Convert Word to HTML with JavaScript in React

In web page development, transforming Word documents into HTML allows content creators to leverage the familiar Word document editing for crafting web-ready content. This approach not only structures the content appropriately for web delivery but also streamlines content management processes. Furthermore, by harnessing the capabilities of React, developers can execute this transformation directly within the browser on the client side, thereby simplifying the development workflow and potentially reducing load times and server costs.

This article demonstrates how to use Spire.Doc for JavaScript to convert Word documents to HTML files within React applications.

Install Spire.Doc for JavaScript

To get started with converting Word documents to HTML in a React application, you can either download Spire.Doc for JavaScript from our website or install it via npm with the following command:

npm i spire.doc

After that, copy the "Spire.Doc.Base.js" and "Spire.Doc.Base.wasm" files into the public folder of your project.
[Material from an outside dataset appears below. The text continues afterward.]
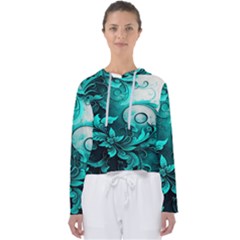 Turquoise Flower Background Women s Slouchy Sweat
Additionally, include the required font files to ensure accurate and consistent text rendering.

For more details, refer to the documentation: How to Integrate Spire.Doc for JavaScript in a React Project

Convert Word Documents to HTML Using JavaScript

With Spire.Doc for JavaScript, you can load Word documents into the WASM environment using the Document.LoadFromFile() method and convert them to HTML files with the Document.SaveToFile() method. This approach converts Word documents into HTML format with CSS files and images separated from the main HTML file, allowing developers to easily customize the HTML page.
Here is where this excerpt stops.